Atrasado pruma prova, Tom, vivido pelo então desconhecido aspirante a humorista de stand up comedy, Gregório Duvivier - http://www.youtube.com/watch?v=jFIs9V9sKPA   encontra com sua namorada (que googlei e descobri que no filme chama-se Adriana, mas em momento algum, o nome dela é dito) vivida pela sobrinha da Malu, Erika Mader. É um encontro casual, rotineiro, para Tom. Porque na verdade, é apoteótico para ela. “Vim me despedir. Estou indo embora.” Para onde? Por quê? Com quem? Quando? Ninguém sabe.
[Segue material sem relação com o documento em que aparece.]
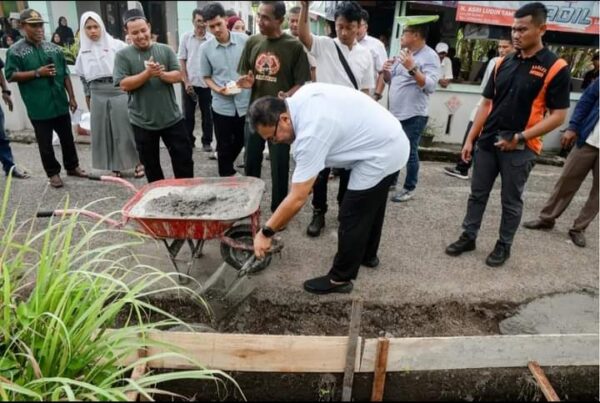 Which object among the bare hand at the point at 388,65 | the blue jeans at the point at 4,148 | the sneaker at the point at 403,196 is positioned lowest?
the sneaker at the point at 403,196

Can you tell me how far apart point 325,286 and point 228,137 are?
83.3 inches

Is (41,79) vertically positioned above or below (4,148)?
above

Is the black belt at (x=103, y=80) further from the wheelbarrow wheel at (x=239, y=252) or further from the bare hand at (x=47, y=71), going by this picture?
the wheelbarrow wheel at (x=239, y=252)

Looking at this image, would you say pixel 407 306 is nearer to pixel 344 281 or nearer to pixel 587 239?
pixel 344 281

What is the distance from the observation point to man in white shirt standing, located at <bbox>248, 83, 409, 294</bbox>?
243 centimetres

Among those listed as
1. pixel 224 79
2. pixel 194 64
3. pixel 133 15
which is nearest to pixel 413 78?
pixel 224 79

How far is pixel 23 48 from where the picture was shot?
13.7ft

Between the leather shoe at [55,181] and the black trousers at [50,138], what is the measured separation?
37 millimetres

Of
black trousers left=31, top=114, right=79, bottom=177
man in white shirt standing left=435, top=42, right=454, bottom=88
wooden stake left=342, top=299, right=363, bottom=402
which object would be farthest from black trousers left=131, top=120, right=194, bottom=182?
man in white shirt standing left=435, top=42, right=454, bottom=88

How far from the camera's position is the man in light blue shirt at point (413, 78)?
4.00 meters

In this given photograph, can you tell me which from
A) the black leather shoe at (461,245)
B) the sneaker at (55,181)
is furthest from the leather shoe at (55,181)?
the black leather shoe at (461,245)

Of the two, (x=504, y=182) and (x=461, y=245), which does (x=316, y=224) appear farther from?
(x=504, y=182)

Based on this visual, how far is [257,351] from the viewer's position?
90.9 inches

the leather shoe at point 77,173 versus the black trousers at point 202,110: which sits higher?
the black trousers at point 202,110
Somente uma estátua do campus da faculdade, locação quase única e cenário das gravações. Em uma das cenas, a menina “conta” seu segredo no pé do ouvido da estátua: “Pronto, agora alguém sabe pra onde vou!” É com pitadas desse humor inocente, infantil, que o filme segue. Antes de fugir, como ela mesma define sua viagem, o casal tem uma hora pra conversar, debater, discutir, despedir. Uma hora. Um ano resumido em uma hora. Em meio a essa hora, eles rememoram aquilo que foi um relacionamento normal, sadio, gostoso de se ver na tela. Ah! O amor juvenil! Como é bom quando amamos sem desprendimento, sem noção do amanhã, sem a perspectiva do depois. Somente hoje, agora, presente.
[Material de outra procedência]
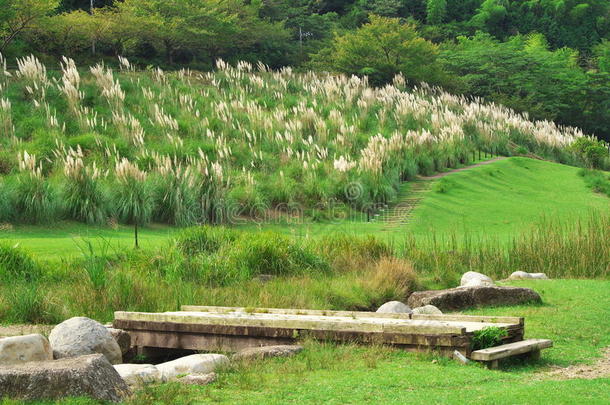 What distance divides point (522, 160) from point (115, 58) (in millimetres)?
15813

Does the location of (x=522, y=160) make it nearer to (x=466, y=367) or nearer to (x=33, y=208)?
(x=33, y=208)

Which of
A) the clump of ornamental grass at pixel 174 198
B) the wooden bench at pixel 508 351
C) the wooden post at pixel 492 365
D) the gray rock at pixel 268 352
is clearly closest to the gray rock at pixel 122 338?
the gray rock at pixel 268 352

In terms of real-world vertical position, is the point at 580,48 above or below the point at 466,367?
above

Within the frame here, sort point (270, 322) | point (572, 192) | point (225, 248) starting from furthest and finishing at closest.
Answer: point (572, 192) < point (225, 248) < point (270, 322)

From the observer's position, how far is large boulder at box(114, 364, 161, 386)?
20.0 feet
Com diálogos divertidos e inteligentes, o filme encanta pela simpatia e simplicidade. Os meninos levam a sério o conceito Glauber Rocha de Se Fazer Cinema – Ideia na cabeça, câmera na mão. E o filme que nasceu sem grandes pretensões, arrebatou prêmios importantes do cinema nacional, como Melhor Filme do Júri Popular e Menção Honrosa do Júri Oficial no Festival do Rio 2008 e o Prêmio de Melhor Filme do Júri Popular na 32ª Mostra de São Paulo. Ainda foi exibido em Festivais de Cinema de todo o mundo, em países como França, Holanda, Eslovênia e Estados Unidos.
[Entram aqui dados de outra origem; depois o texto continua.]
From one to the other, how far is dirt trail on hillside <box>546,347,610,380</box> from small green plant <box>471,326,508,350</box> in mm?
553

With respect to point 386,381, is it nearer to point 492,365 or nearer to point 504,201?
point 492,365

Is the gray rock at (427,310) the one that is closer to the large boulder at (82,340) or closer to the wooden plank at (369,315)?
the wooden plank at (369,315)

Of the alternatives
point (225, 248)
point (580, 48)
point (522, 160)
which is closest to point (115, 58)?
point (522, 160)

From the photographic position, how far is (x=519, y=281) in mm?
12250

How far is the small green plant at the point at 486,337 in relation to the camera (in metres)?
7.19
O filme segue dentro do seu ritmo. Não obriga o telespectador a se munir de repertório para entendê-lo. Aliás, clássico exemplo de filme catártico: para compreendê-lo basta ter passado por qualquer experiência de perda. Qualquer uma. Por isso, Apenas o Fim é um filme próximo, que dialoga usando nossos termos, dentro de uma realidade muito familiar. A convivência com o sentimento de perda. Ninguém gosta de perder. Mas perder não é questão de gostar. É questão de saber. Não só saber perder como também e, principalmente, saber procurar. Uma vez “que o que você quer, tem que saber aonde procurar.”

A sensação é de que no final de tudo, tudo é apenas o fim. Não temos que endeusar as perdas, os momentos, as fases, as pessoas, o fim. Tudo, em algum momento, acaba, termina, vai-se embora. É um processo natural. Cabe a nós, peneirar as lembranças boas, guardar os bons momentos, e seguir em frente. Sem enxergar o vazio que ficou como um pedaço que falta, foi arrancado e sangra, como carne mal passada (argh!), mas como um ponto intocado, guardado e aberto para coisas novas, que um dia, serão velhas e mais uma vez, irão embora. Aí, é tudo novo, de novo. “Porque a vida é pra viver e sempre existe a chance de um recomeço.”
Comecei minha faculdade com uma turma, em Belo Horizonte. Terminei com outra, em Varginha. Agora, formo com uma terceira. Sem pompa, sem glória, sem hino nem louvor. Somente eu, minha beca, meu capelo e meu canudo. Apenas o fim. Encerrando um ciclo agora, pra depois, iniciar um novo. Hoje aqui, amanhã não se sabe. O que eu ganho com isso? Opções. E uma possibilidade infinita de amanhãs.